That, as Mark Twain once said, is the wonderful thing about calculation: you get reap such huge returns of speculation for such a trifling investment in fact.
Excellent! I was going to save the champagne for this evening, but I guess I can start pouring mimosas now.

Monday, November 01, 2004

Read Charles Pierce, who is quoted in full at the end of this story:
It occurred to me over the weekend that I haven't given a good reason why I will vote for John Kerry, and why I would vote for him even if he were running against, say, John McCain. (And even if McCain still had a political soul, which I've come to doubt.) Once, in Iowa, Kerry dropped in on a group of Vietnam veterans. Some of them liked him. Some of them didn't, largely because of the whole VVAW thing. (And, trust me, this was my first beat at the Boston Phoenix, and I discovered that the politics within the various Vietnam veteran's groups were desperate and bloody.) Kerry dismissed the staff, locked the door, blew off the rest of the schedule, and sat there and talked and argued with these guys until they were all exhausted. He wanted to talk to the people who disliked him more than he wanted to talk to anyone else. He gave them the respect of open debate.

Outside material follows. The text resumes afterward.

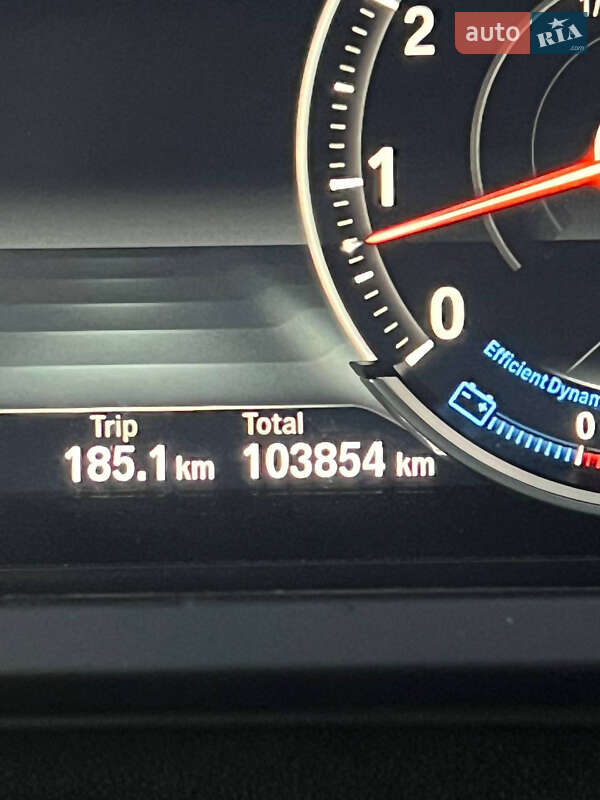 Седан BMW 7 Series 2015 в Києві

Imagine the incumbent doing that. Imagine him sitting down in a room where half the people truly loathe him and everything he stands for, him and his ticket-only rallies, and his coddling staff, and his use of the Secret Service as cheap sidewalk bouncers. Imagine him hearing them out, debating them, giving them the respect of his knowledgeable disagreement. It is inconceivable. One can more easily imagine C-Plus Augustus's flapping his arms and flying to the top of the Washington Monument. Imagine that 'character' is even at issue between these two men.

Somebody who was there in Iowa told me that story, and told me I couldn't use it, but that's too damn bad today. I am voting for John Kerry because it is a time for serious people who are strong enough in their heart to listen to anger and slander and calumny and to respond to it, not with the tinny bombast of an unearned office, and not with the cheesy legerdemain of concocted eminence, but with the strength to stay long enough to try to redeem it.
I'm going to continue posting these little nuggets.

Look over there in the right-hand column.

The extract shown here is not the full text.